INPUT DATA →
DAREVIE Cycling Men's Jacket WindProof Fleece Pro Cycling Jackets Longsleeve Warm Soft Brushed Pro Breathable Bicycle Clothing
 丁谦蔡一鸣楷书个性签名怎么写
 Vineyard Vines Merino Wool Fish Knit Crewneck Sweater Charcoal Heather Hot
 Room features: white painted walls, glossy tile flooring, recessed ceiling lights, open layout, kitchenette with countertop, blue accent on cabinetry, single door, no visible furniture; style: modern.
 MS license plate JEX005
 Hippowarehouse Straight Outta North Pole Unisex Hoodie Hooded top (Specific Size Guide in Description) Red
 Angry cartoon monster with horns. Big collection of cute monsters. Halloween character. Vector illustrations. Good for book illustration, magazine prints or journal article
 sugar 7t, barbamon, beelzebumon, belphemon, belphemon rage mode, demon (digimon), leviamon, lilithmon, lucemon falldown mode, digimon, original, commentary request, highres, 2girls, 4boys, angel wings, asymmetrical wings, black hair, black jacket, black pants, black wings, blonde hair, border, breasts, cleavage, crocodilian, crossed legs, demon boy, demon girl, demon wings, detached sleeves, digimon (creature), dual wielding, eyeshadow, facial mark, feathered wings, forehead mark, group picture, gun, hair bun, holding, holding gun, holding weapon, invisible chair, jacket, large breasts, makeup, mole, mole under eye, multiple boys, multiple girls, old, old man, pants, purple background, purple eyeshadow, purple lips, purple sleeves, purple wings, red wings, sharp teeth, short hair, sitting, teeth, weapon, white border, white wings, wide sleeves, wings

YOUR OBJECTIVE → Your answer consists solely of the lines from the top of the records above through the line that contains "Vineyard Vines Merino", each echoed exactly.

ANSWER TO THE PROBLEM →
DAREVIE Cycling Men's Jacket WindProof Fleece Pro Cycling Jackets Longsleeve Warm Soft Brushed Pro Breathable Bicycle Clothing
 丁谦蔡一鸣楷书个性签名怎么写
 Vineyard Vines Merino Wool Fish Knit Crewneck Sweater Charcoal Heather Hot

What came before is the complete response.